M: That makes a great deal of sense to me, but how do you explain the case of the person who is the clingy, possessive, controlling, possessive friend, or a friend who doesn’t really care about anything, or any cause,  except to collect more and more and more friends? The first case seems to contradict your premise that friendship is side by side, or, directed outward and open; the second, that moving towards a common interest greater than the friends themselves is the unifying factor.


CSL:  “…those pathetic people who simply ‘want friends’ can never make any. The very condition of having Friends is that we should want something else beside Friends.  Where the truthful answer to the question Do you see the same truth? would be ‘I see nothing and I don’t care about the truth; I only want a Friend’,  no Friendship can arise – though Affection of course may. There would be nothing for the Friendship to be about; and Friendship must be about something, even if it were an enthusiasm for dominoes or white mice. Those who have nothing can share nothing; those who are going nowhere can have no fellow-travelers.”


M: I agree with your reasoning, although many people today would not. I’m not sure what kind of “Affection” would arise out of a Friendship that isn’t about anything but itself, however.


CSL: “Friendship is utterly free from Affection’s need to be needed. We are sorry that any gift or loan or night-watching should have been necessary, - and no, for heaven’s sake, let us forget all about it, and go back to the things we really want to do or talk of together. Even gratitude is no enrichment to this love. The stereotyped ‘Don’t mention it’ here perfectly expresses what we really feel.”

 

M: What about the old maxim which says, “A friend in need is a friend indeed?” how does that apply?


CSL: “The mark of a perfect friendship is not that help will be given when the pinch comes (of course it will) but that, having been given, it makes no difference at all.“


M: I have to thank you for these insights. I don'think I ever came across anyone who explained what a beautiful and noble blessing true friendship is as clearly as you did. 


CSL: Don't mention it.


Saturday, April 20, 2013

For the Fun of It: Discussing Friendship with C.S Lewis (Part One)

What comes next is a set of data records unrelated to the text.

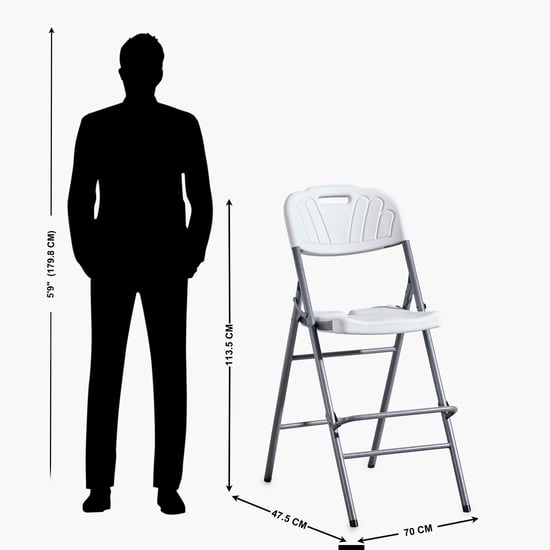 Helios Ash Outdoor Folding Chair - Grey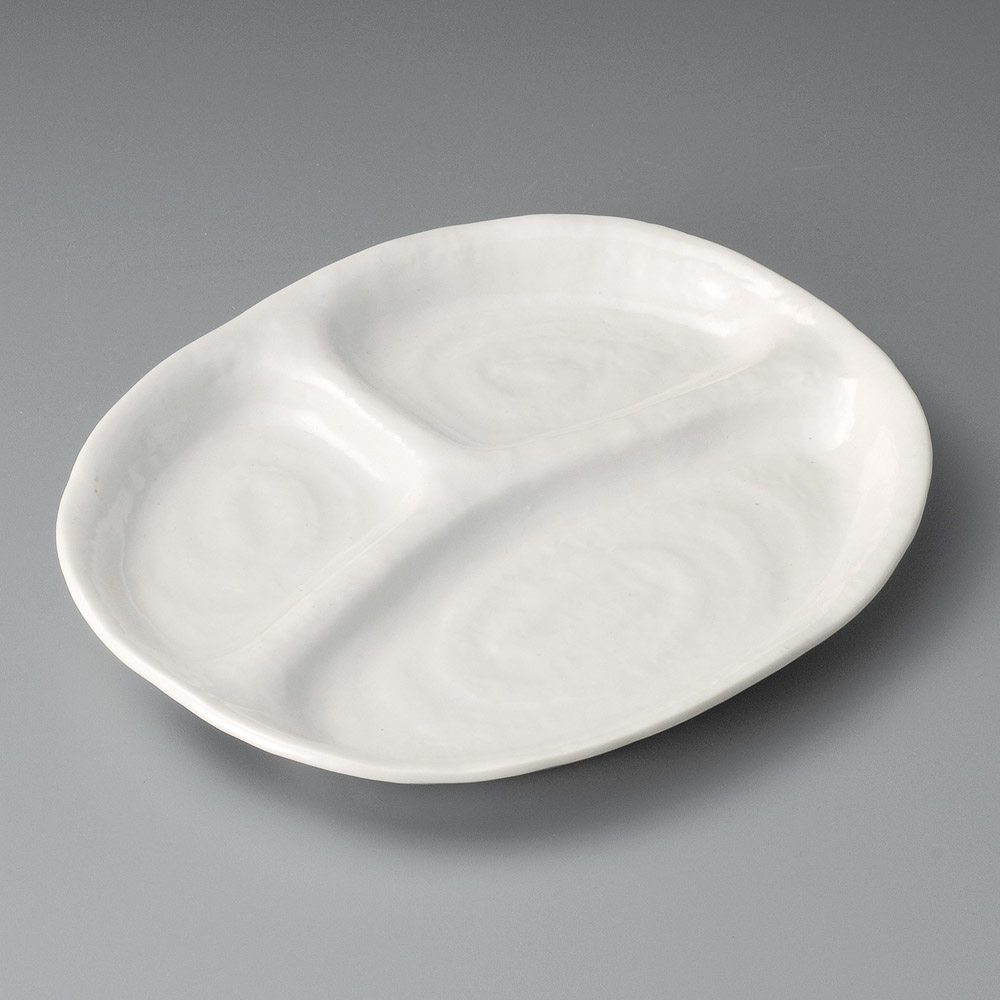 28202-181 白釉三ツ切10吋仕切皿|業務用食器カタログ陶里31号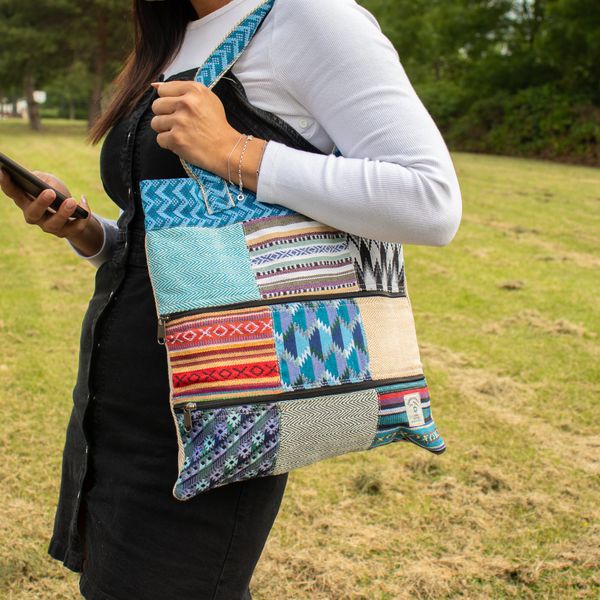 Patchwork Kathmandu Shopper – Dhaka Design (37×38 cm)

I have been reading  The Four Loves by C.S.Lewis, and conversing with the text as I go along. The topic is Friendship. M stands for me, and CSL for the great master himself. CSL's remarks are in quotation marks, because I am getting them directly from the text. I plead guilty for placing what he says in the context of my questions and comments, but I do not think I do violence to his meaning or intent.


M: I know friendship is downplayed today, and I was wondering, was it like that in the old days too? 


CSL: "To the Ancients, Friendship seemed the happiest and most fully human of all loves; the crown of life and the school of virtue. The modern world, in comparison, ignores it."


M: So, how did this seismic shift regarding friendship take place? If it was so esteemed in the old days, why is it so unappreciated today?


CSL: "The first and most obvious answer is that few value it because few experience it."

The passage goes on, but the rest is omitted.